| Exercise requirements |
Please copy each line of the listing below precisely, excluding the images.

| Source data |
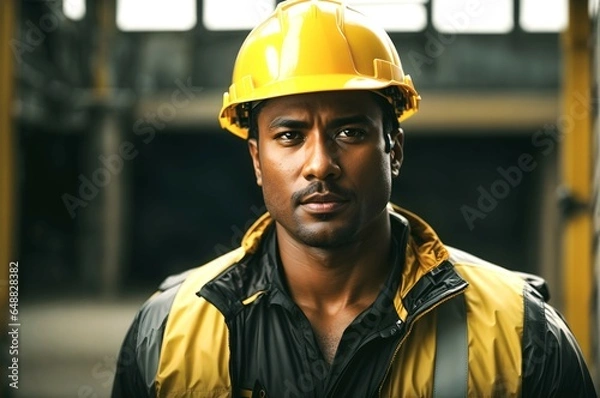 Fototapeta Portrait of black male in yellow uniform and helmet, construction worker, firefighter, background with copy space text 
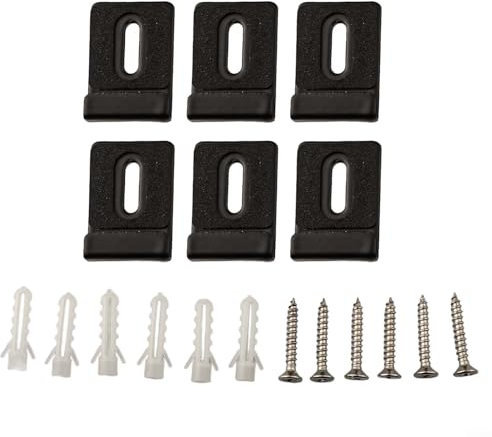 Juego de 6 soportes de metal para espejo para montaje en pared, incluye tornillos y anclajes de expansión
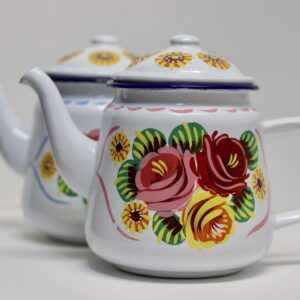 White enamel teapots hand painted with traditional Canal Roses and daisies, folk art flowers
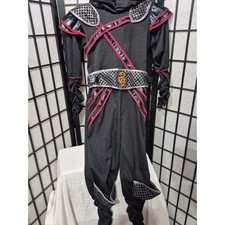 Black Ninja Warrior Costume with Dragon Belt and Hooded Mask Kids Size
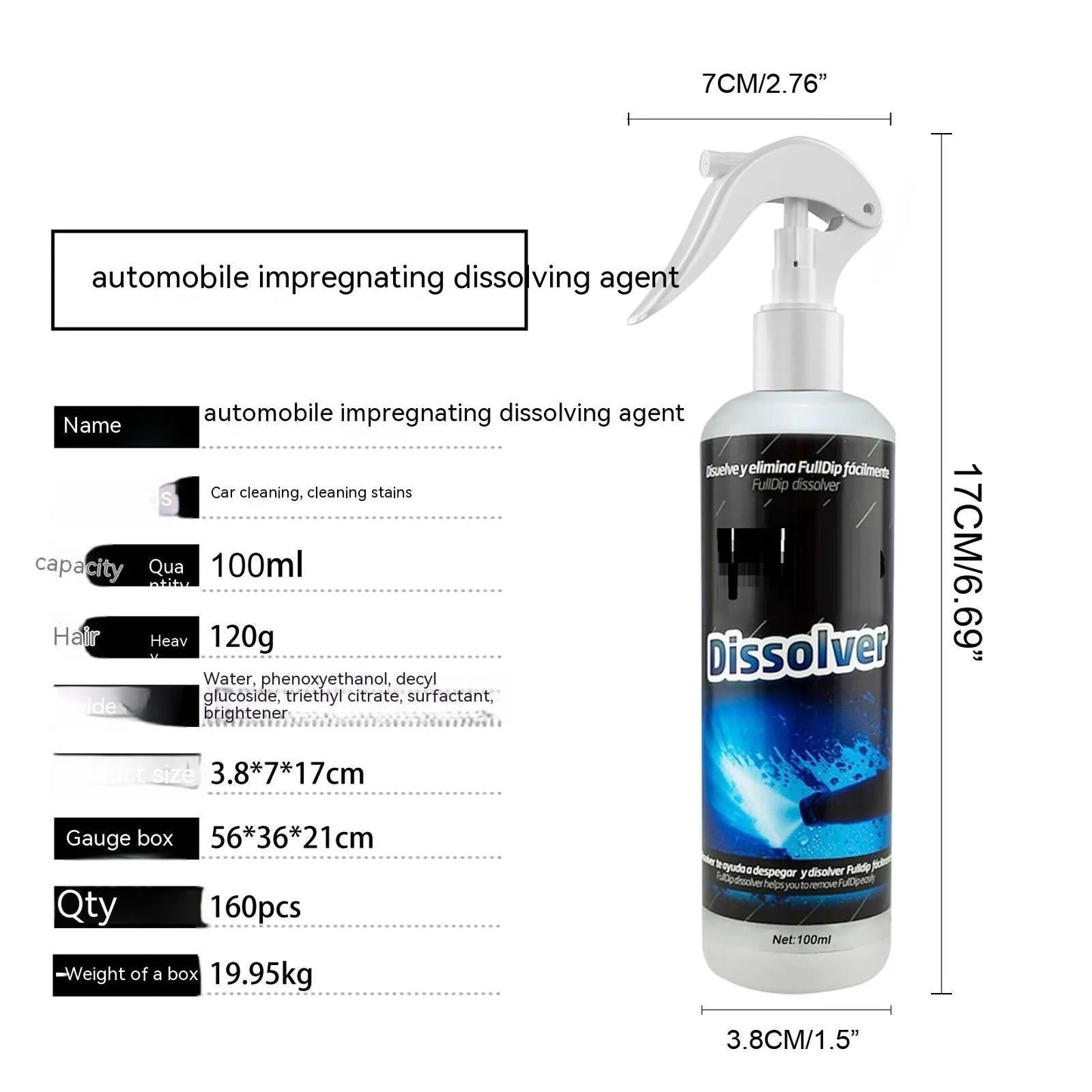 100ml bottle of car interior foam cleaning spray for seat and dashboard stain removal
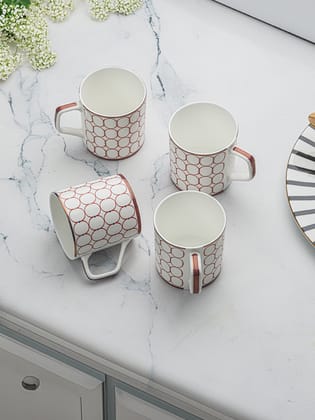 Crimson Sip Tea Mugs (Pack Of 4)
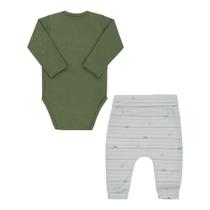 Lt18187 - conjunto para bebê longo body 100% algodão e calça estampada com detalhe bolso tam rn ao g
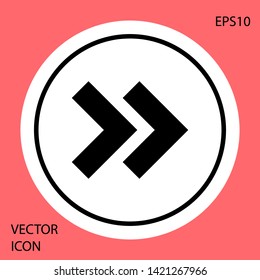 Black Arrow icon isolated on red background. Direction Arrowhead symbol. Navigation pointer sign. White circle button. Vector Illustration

| Exercise answer |
 Fototapeta Portrait of black male in yellow uniform and helmet, construction worker, firefighter, background with copy space text 
 Juego de 6 soportes de metal para espejo para montaje en pared, incluye tornillos y anclajes de expansión
 White enamel teapots hand painted with traditional Canal Roses and daisies, folk art flowers
 Black Ninja Warrior Costume with Dragon Belt and Hooded Mask Kids Size
 100ml bottle of car interior foam cleaning spray for seat and dashboard stain removal
 Crimson Sip Tea Mugs (Pack Of 4)
 Lt18187 - conjunto para bebê longo body 100% algodão e calça estampada com detalhe bolso tam rn ao g
 Black Arrow icon isolated on red background. Direction Arrowhead symbol. Navigation pointer sign. White circle button. Vector Illustration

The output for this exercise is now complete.